Set down every record below exactly as it stands, with the pictures omitted.

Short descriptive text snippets
****************************************

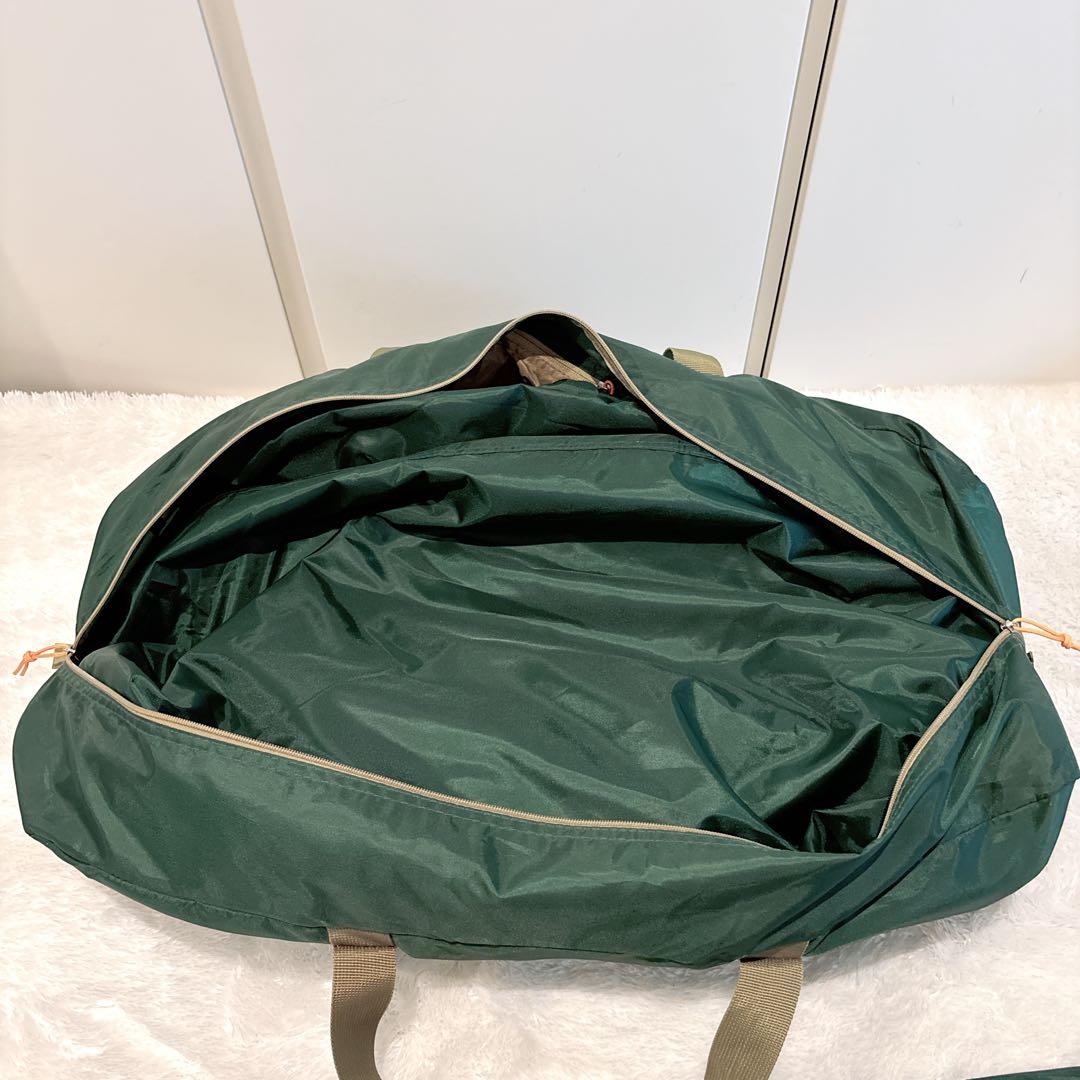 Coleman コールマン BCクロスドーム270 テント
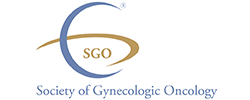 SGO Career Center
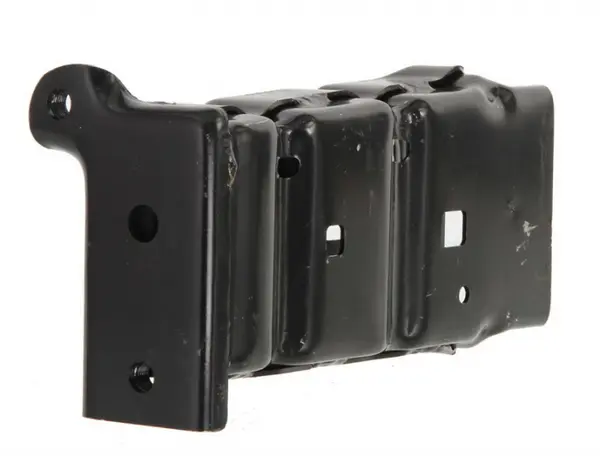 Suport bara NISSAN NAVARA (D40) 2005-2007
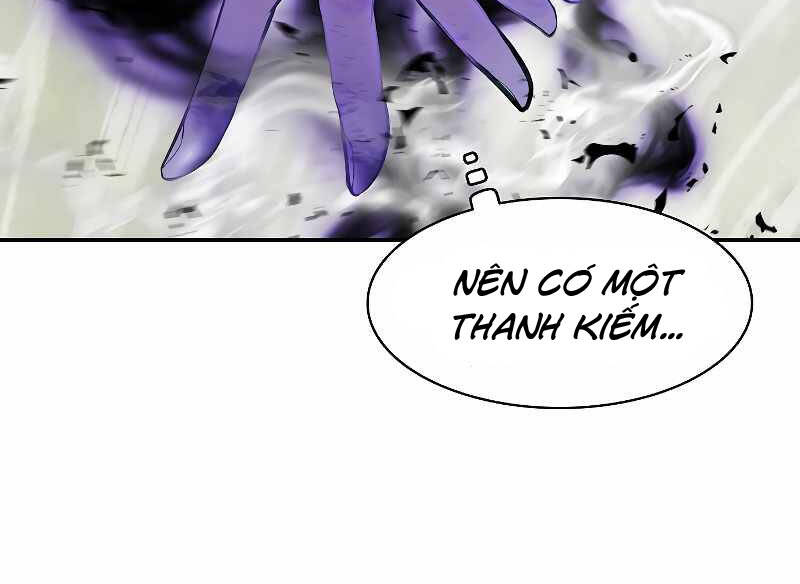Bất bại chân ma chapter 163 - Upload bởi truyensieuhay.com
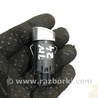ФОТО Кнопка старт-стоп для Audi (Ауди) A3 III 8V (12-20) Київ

****************************************

__Response below__.
 Coleman コールマン BCクロスドーム270 テント
 SGO Career Center
 Suport bara NISSAN NAVARA (D40) 2005-2007
Bất bại chân ma chapter 163 - Upload bởi truyensieuhay.com
ФОТО Кнопка старт-стоп для Audi (Ауди) A3 III 8V (12-20) Київ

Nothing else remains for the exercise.